Eventually, I came to a fork in the trail and had to decide which way to go. That was quickly decided for me as the fork that went to the east ran into snow drifts much further than I was willing to try to ride across. I want back and took the fork to the north which quickly became too steep to ride. I figured I was close to the destination, so I stowed my bike behind a log (not that there was anyone around for miles) and proceeded on foot. About a quarter mile later, the woods opened up to a steep climb up a cinder cone. At the top I found out what The Twins were about. Basically, The Twins are a large cinder cone with the top blown off which created two summits. The view was spectacular--360 degrees since it is the highest point in that region.

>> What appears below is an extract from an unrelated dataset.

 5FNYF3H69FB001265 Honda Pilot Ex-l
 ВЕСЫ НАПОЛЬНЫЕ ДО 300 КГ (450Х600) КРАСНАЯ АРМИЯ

On the way up and back I kept seeing flags marking the route of the "Where's Waldo" 100k ultramarathon. I've run a few marathons, but never had the desire to run 60 miles. Twenty-six was enough thank you. Much less up and down mountains. The link above shows the map--which meanders all over creation.

Back to the present and into the woods.

We made extensive use of the GoPro today.

Dylan rides the backcountry off of Cherokee Ridge.

Dylan had the wild idea of going off trail and hiking up to the top of the ridge. It looked good enough that I tagged along. It was tough going--every time I stepped outside of one of Dylan's tracks I postholed up to my hip. I was a little cold going into this excursion, but sweating by the end.

Payday!

Here's the view from on top of Dylan's head...

We saw the elk again on the way home. Today they were about five miles downstream from Oakridge feeding in a grassy meadow on the far side of the river. Out of more than 100 trips up to The Pass, I've seen elk three times.

The first time was several years ago when I saw a single cow standing in the middle of Salt Creek a mile or so from the railroad bridge. That was an amazing sight. The second time was last weekend when we saw five cows walking down the Salmon Creek path in the town of Oakridge. I've never seen elk so close to a human settlement.

They don't show themselves often, but it's neat when they do.